§ **Problem**
For this exercise, return only the lines in the records below from the one holding "实盘杠杆平台 富途证券：港美股投资利器，助您轻松布局全球市场" through the one holding "Paperback The Hermitage", including both, exactly as they appear and without pictures.

§ **Data provided**
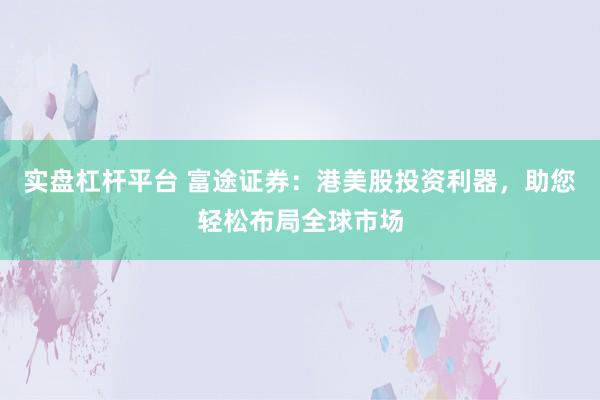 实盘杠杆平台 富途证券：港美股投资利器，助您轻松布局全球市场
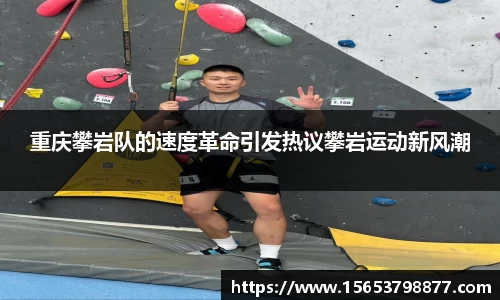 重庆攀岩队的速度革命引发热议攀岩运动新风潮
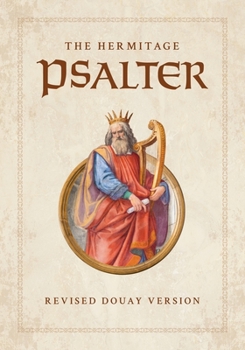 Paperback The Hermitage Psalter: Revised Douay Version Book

--

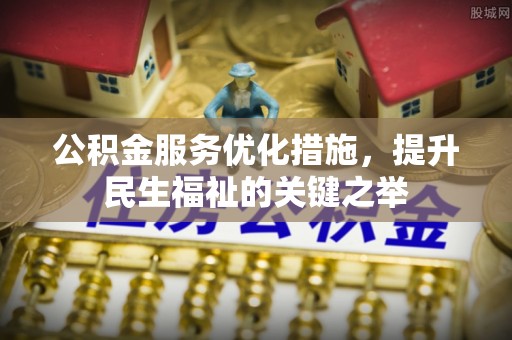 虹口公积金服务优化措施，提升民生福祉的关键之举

§ **Result for this task**
 实盘杠杆平台 富途证券：港美股投资利器，助您轻松布局全球市场
 重庆攀岩队的速度革命引发热议攀岩运动新风潮
 Paperback The Hermitage Psalter: Revised Douay Version Book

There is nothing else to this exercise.